====== RECORD EXTRACTS ======

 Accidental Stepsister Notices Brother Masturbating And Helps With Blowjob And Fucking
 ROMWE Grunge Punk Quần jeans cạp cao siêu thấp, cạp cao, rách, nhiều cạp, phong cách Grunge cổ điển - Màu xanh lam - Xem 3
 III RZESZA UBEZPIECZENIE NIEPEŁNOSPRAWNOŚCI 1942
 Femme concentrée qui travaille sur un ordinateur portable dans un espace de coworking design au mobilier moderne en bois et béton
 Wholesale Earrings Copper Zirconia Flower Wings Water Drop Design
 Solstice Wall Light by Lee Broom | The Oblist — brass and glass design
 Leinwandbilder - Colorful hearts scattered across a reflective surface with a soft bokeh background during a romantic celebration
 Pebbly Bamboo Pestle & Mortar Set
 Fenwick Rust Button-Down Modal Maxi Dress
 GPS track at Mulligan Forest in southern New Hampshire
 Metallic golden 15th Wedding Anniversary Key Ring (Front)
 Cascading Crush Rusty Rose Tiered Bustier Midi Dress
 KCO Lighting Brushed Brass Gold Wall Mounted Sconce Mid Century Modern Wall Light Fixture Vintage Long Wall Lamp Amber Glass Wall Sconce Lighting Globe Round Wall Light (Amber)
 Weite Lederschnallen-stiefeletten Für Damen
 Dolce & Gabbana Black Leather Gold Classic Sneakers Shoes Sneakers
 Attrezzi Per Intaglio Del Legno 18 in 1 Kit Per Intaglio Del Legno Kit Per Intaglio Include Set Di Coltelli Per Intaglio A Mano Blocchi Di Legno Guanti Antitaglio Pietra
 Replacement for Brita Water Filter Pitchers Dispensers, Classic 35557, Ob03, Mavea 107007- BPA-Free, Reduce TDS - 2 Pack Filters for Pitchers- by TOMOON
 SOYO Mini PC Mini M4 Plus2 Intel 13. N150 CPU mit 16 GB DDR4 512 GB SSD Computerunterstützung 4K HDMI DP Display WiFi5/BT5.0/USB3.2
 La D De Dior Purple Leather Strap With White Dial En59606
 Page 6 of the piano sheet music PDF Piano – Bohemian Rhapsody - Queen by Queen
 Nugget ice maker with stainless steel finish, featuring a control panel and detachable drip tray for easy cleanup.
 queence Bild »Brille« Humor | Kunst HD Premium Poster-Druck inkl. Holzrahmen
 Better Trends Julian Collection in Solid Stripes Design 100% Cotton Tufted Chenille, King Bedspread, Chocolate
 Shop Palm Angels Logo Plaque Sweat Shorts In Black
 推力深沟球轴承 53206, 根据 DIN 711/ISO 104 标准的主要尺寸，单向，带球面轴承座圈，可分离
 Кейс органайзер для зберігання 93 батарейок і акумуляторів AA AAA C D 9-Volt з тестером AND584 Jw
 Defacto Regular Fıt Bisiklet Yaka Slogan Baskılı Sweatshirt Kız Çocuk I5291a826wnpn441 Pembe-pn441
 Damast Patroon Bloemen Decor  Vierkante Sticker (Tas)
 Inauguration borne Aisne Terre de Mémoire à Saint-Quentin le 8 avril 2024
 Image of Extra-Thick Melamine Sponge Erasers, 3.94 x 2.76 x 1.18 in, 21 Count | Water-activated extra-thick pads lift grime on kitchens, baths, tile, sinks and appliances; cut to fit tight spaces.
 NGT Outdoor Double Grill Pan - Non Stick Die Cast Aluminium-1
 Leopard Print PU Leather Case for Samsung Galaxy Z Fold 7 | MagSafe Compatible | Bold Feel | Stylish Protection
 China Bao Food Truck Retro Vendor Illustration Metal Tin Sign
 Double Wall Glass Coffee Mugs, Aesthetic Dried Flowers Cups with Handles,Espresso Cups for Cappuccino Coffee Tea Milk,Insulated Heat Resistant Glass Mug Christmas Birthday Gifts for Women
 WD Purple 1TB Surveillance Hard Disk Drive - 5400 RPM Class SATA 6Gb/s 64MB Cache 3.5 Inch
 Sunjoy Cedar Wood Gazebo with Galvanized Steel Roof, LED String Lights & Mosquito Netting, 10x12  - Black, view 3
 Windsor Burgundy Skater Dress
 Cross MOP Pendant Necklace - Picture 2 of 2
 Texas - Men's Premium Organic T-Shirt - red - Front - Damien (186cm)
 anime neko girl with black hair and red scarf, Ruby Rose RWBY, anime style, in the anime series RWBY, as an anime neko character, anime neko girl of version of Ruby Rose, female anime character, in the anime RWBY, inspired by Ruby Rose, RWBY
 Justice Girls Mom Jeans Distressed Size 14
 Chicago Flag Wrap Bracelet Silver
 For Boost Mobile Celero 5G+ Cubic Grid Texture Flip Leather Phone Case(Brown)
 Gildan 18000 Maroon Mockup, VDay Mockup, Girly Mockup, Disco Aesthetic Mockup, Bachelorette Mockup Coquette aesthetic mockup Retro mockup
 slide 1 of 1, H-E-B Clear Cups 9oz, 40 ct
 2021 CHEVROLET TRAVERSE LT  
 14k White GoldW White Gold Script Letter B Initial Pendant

======

▶ THE PROBLEM
The expected response is the material above given again line by line, from its first line to the line holding "Cascading Crush Rusty", inclusive.

▶ RESPONSE BELOW
 Accidental Stepsister Notices Brother Masturbating And Helps With Blowjob And Fucking
 ROMWE Grunge Punk Quần jeans cạp cao siêu thấp, cạp cao, rách, nhiều cạp, phong cách Grunge cổ điển - Màu xanh lam - Xem 3
 III RZESZA UBEZPIECZENIE NIEPEŁNOSPRAWNOŚCI 1942
 Femme concentrée qui travaille sur un ordinateur portable dans un espace de coworking design au mobilier moderne en bois et béton
 Wholesale Earrings Copper Zirconia Flower Wings Water Drop Design
 Solstice Wall Light by Lee Broom | The Oblist — brass and glass design
 Leinwandbilder - Colorful hearts scattered across a reflective surface with a soft bokeh background during a romantic celebration
 Pebbly Bamboo Pestle & Mortar Set
 Fenwick Rust Button-Down Modal Maxi Dress
 GPS track at Mulligan Forest in southern New Hampshire
 Metallic golden 15th Wedding Anniversary Key Ring (Front)
 Cascading Crush Rusty Rose Tiered Bustier Midi Dress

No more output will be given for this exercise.